__Exercise__:
Each line from the one that holds "12. What does" to the end of the entries is to be given again exactly. Do not include pictures.

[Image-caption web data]
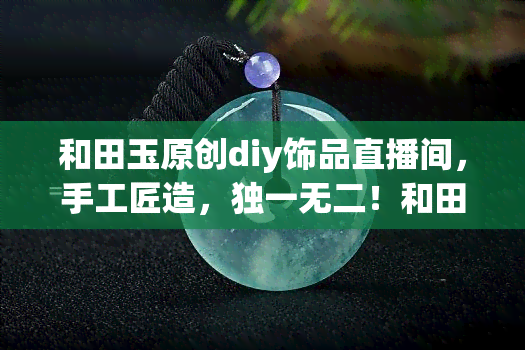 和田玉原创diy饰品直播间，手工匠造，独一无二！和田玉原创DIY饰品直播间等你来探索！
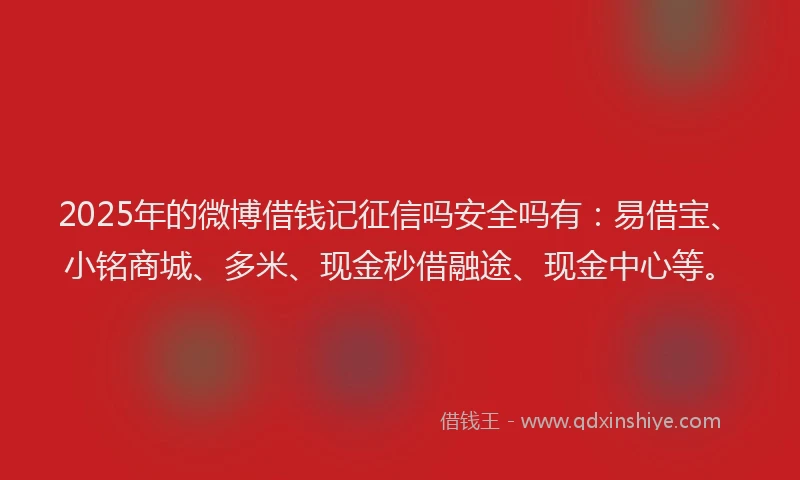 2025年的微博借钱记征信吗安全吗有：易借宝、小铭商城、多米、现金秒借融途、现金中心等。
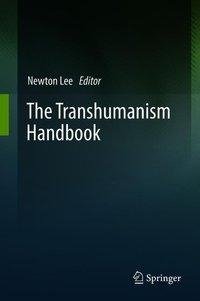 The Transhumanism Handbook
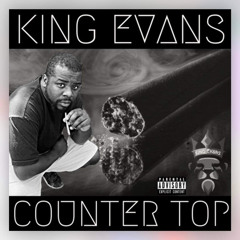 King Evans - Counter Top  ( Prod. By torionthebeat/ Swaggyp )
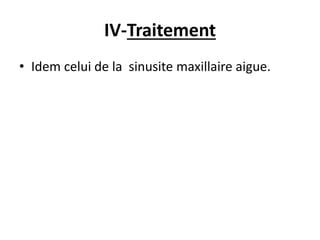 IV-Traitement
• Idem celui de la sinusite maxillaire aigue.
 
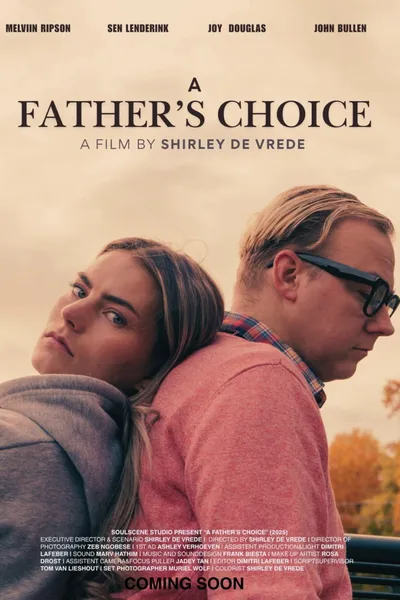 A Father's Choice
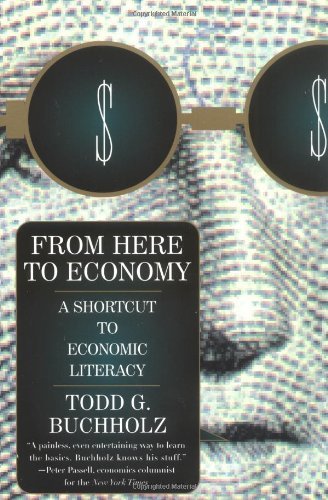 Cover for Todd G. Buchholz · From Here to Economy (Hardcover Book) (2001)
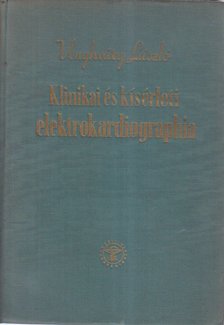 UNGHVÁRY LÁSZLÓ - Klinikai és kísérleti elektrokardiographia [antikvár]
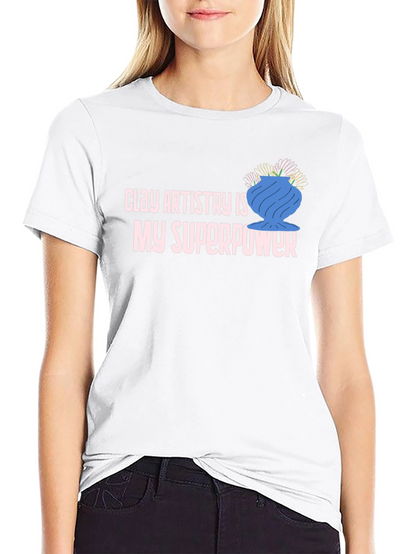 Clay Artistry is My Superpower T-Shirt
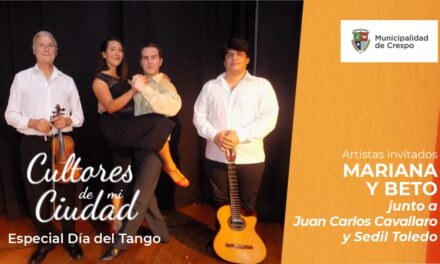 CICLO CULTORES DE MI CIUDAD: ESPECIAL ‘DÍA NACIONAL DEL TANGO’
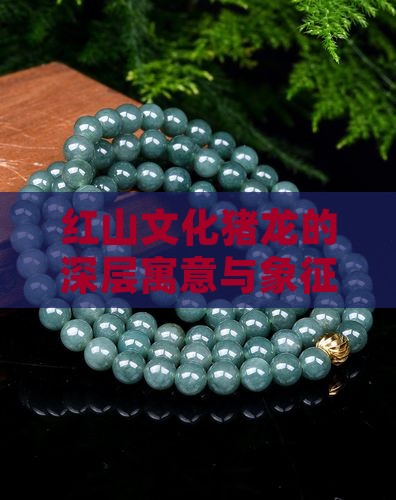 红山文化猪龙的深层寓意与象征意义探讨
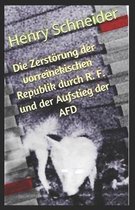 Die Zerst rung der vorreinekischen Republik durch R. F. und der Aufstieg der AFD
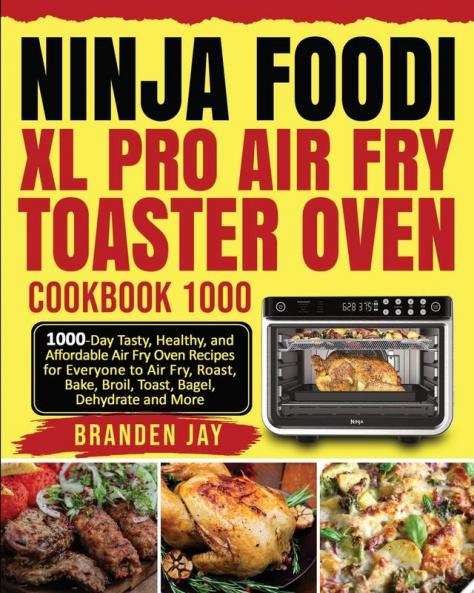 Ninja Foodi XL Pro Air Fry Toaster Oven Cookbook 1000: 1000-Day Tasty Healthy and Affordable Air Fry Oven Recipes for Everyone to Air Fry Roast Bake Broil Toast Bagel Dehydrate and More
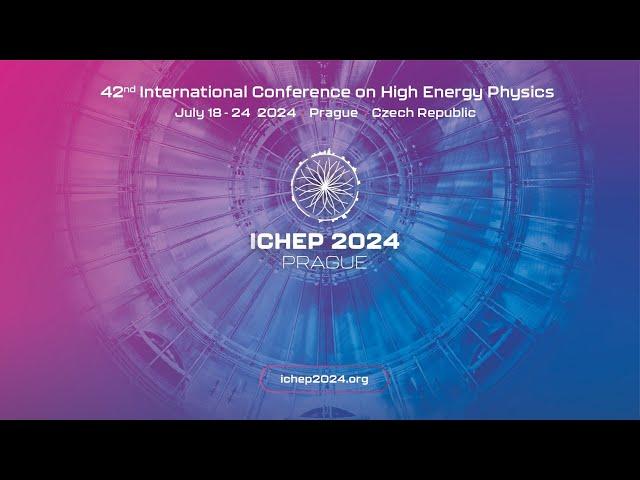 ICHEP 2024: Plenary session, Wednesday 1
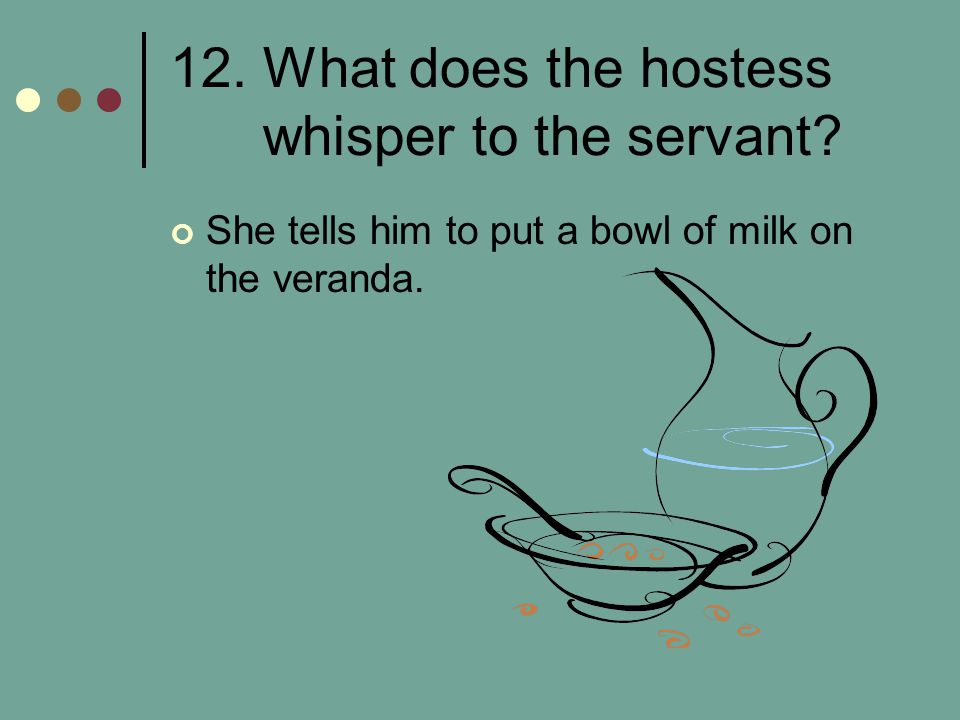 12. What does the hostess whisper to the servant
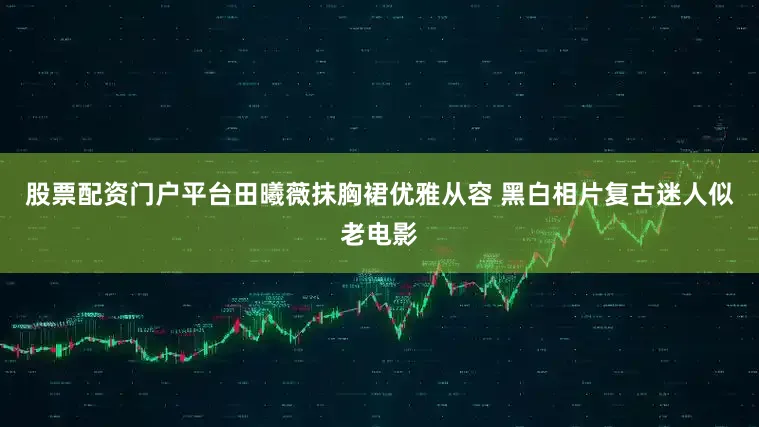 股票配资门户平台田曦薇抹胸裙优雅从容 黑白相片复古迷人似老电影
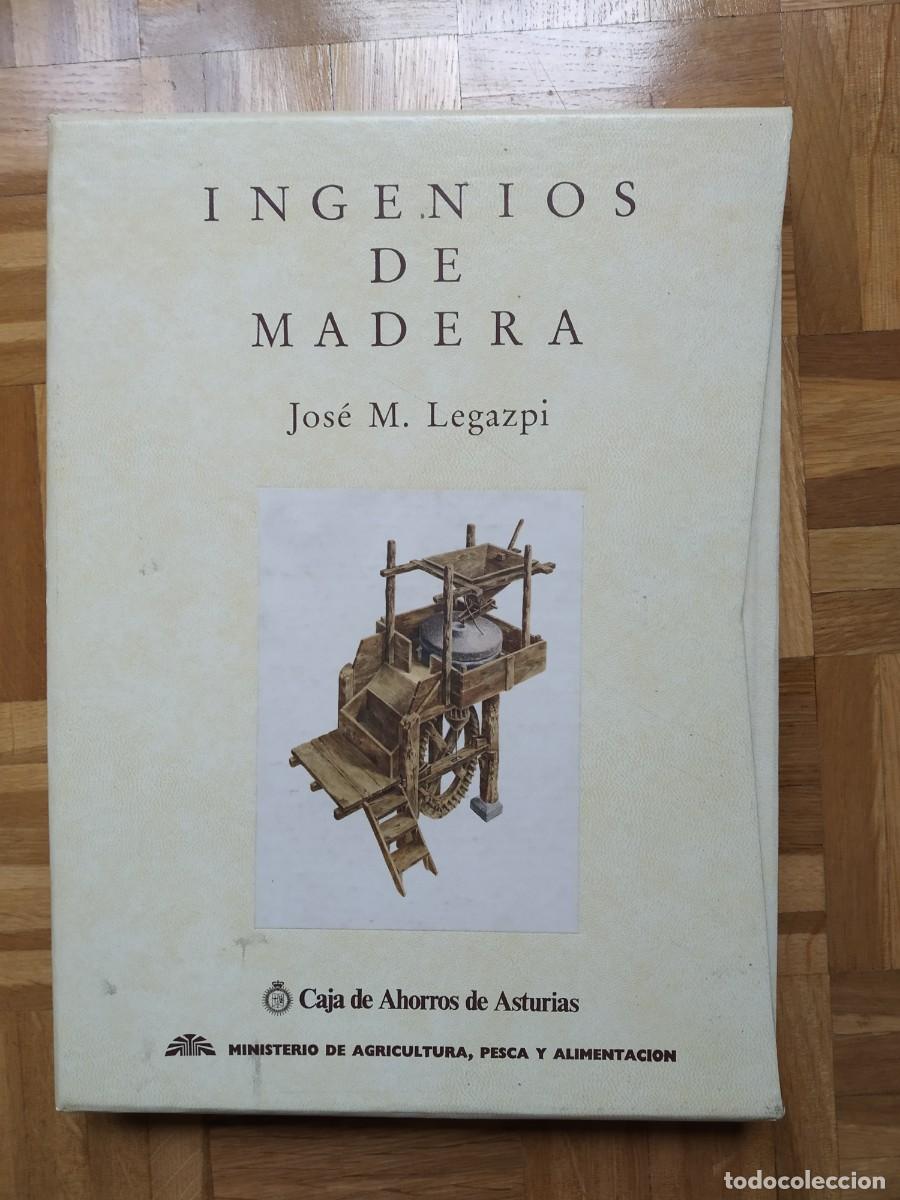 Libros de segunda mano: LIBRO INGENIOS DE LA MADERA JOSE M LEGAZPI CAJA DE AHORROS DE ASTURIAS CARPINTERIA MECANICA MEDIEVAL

__Task result__:
 12. What does the hostess whisper to the servant
 股票配资门户平台田曦薇抹胸裙优雅从容 黑白相片复古迷人似老电影
 Libros de segunda mano: LIBRO INGENIOS DE LA MADERA JOSE M LEGAZPI CAJA DE AHORROS DE ASTURIAS CARPINTERIA MECANICA MEDIEVAL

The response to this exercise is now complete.